The Venkatanarasimharajuvaripeta station itself is nothing much. There is a small building housing the waiting area and a small room from where the tickets are issued. It was closed when I got down at the station. Only two trains have a stop here. As it was early morning the surroundings were bathed in the morning glow of the sunlight. On one side of the station a road runs, on the other side of which is a hillock. The sunlight fell on this hillock illuminating its rocky terrain. The other side was the village stuck close to the tracks. I strolled around here, making a rectangular circuit around the station on the opposing two tracks. This place lacked the kind of tranquility I experienced in the station with the smallest name, Ib in Orissa. So I decided to head back as soon as possible but before doing so I wanted to have breakfast. Sometimes you get the most delicious tiffins in remote villages. With this in mind I had a plate of hot Idlis in a tiffin center just in front of the station building. To my disappointment it was horrible.

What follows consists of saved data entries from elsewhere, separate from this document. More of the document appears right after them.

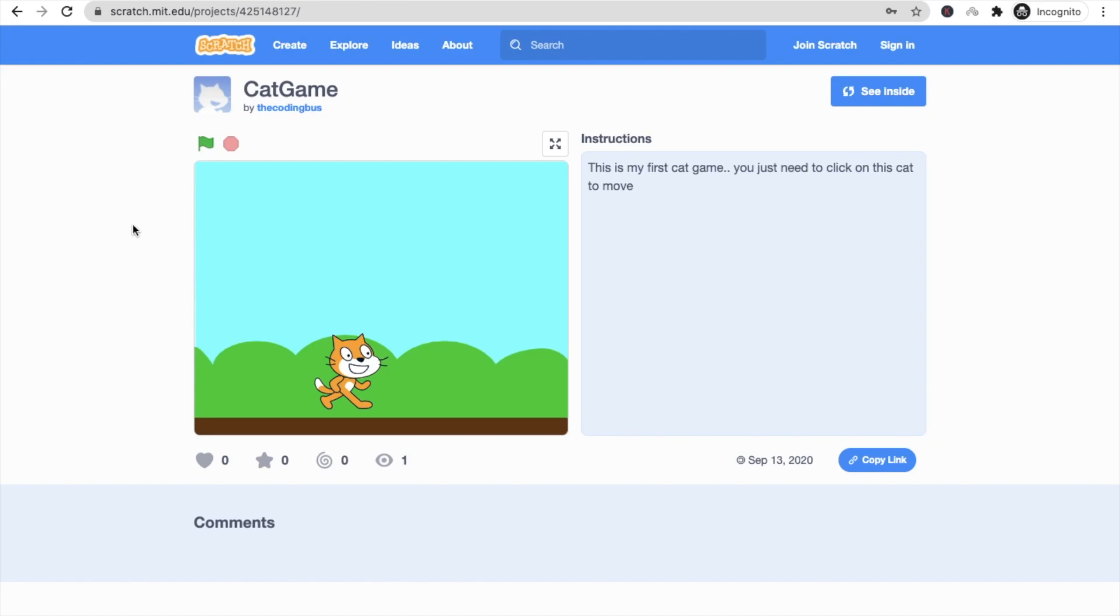We all can play your game. Thank you so much for watching this video. Please subscribe to my channel, like this video, share this video. Have a nice day, be safe, bye bye.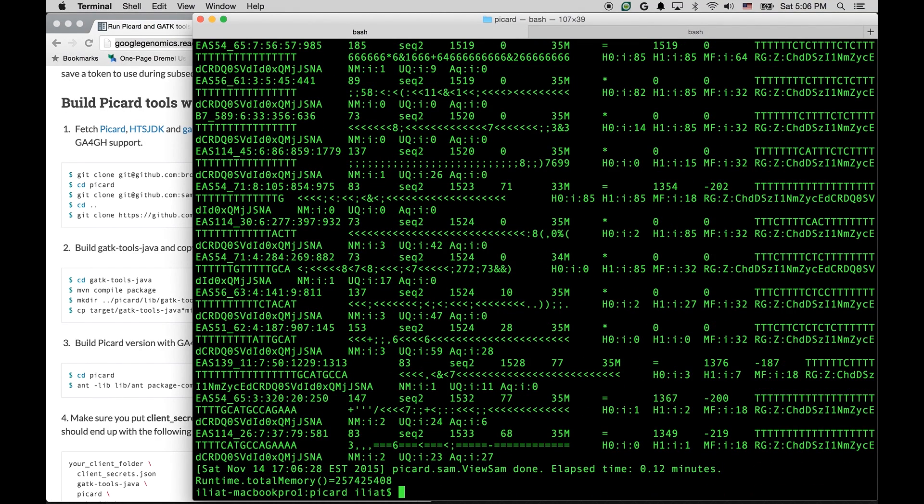Okay, this worked. We have run a standard Picard tool, but the input came directly from the cloud as opposed to file.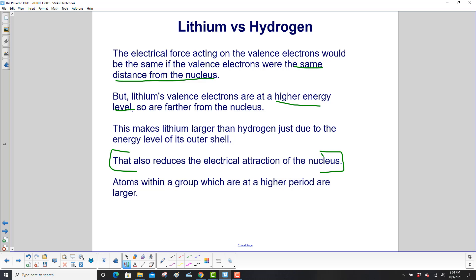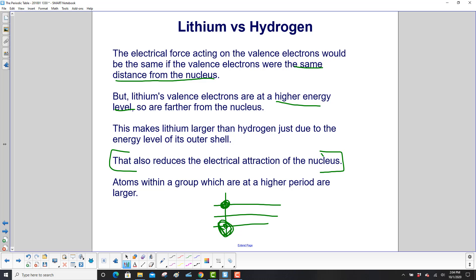Atoms within a group at a higher period are larger. The groups go vertically, so an atom in a higher period will be larger than an atom lower in the same group.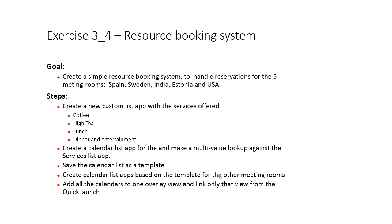Hi, I'm Peter Kammström of Kammström.com Business Solutions. In this demonstration I'll show you how to build a simple resource booking system. In this fictitious company we have no more than five meeting rooms. They're called Spain, Sweden, India, Estonia and USA and in those rooms we'll offer some services.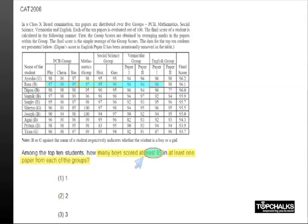Similarly, if you go to Deepan, you will find that he has actually scored at least 96 in any one of the papers that he has taken in each of the groups. So Deepan definitely is an option.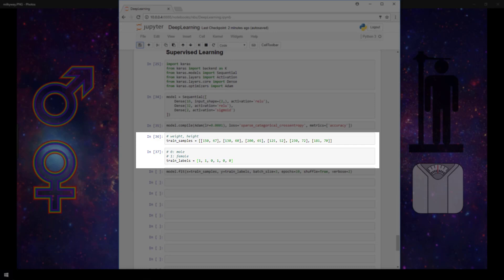So for example, this first one here, which represents a female, is the label for the first element in the trained samples array here. This second one in the trained labels corresponds to the second sample in our trained samples, and so on.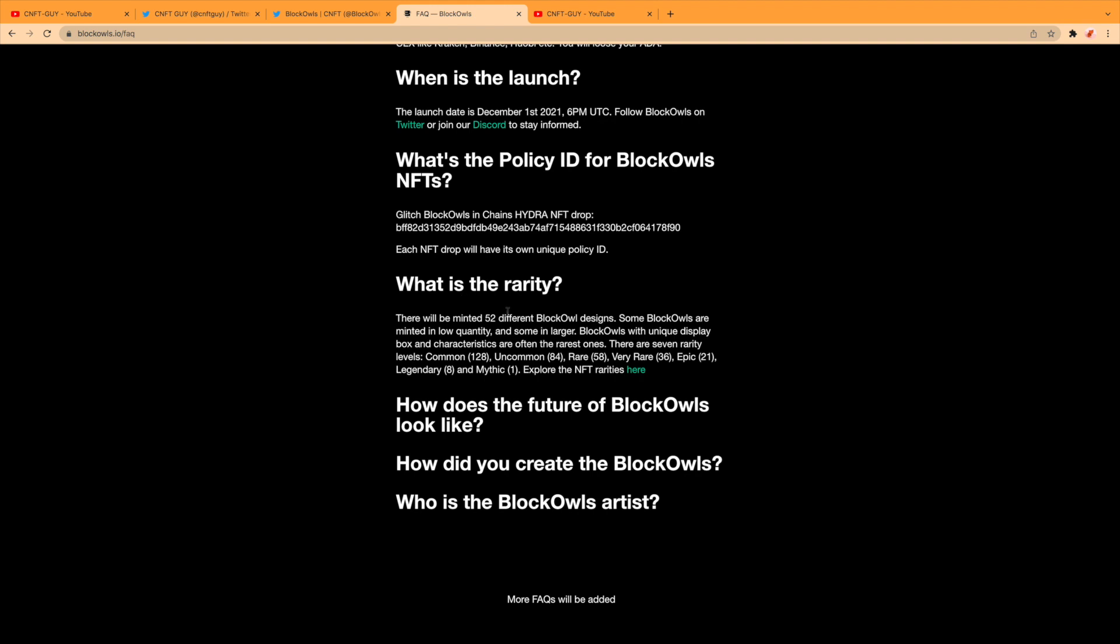The rarities: there will be 52 different Block Owl designs minted. Some Block Owls are minted in low quantity and some in larger. Block Owls with unique display box and characteristics are often the rarest ones. There are seven rarity levels: 128 common, 84 uncommon, 58 rare, 36 very rare, 21 epic, 8 legendary, and 1 mythic. Explore the NFT rarities here.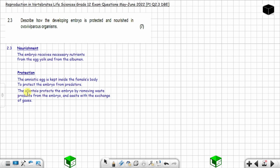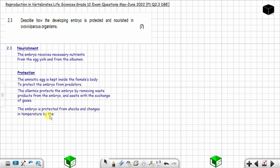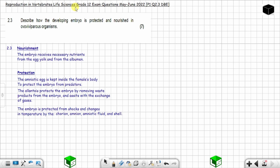The allantois protects the developing embryo by removing waste products and assists with the exchange of gases. Additionally, the developing embryo is protected from shocks and changes in temperature by the chorion, amnion, amniotic fluid, and the shell. That's how you answer question 2.3 from May/June 2022 on reproduction in invertebrates, Life Sciences.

I decided to head back and first took some pics with the name boards and the building. Luckily for me one train running in the opposing direction was due to arrive and I quickly bought a ticket from the old woman at the ticket counter. The tickets looked ancient. I did not know that cardboard tickets were still in existence. And it cost me only Rs15 which was including some kind of commission that the old woman was muttering about. I did not understand a word of what she spoke. I boarded that train to reach Renigunta Junction in an hour and from there I caught an RTC bus to Nellore to complete my trip by afternoon 1 am. So 12 hours and 320 Kms up and down for a trip to the station with the longest station name in India. Call me a pagal but it was an awesome trip!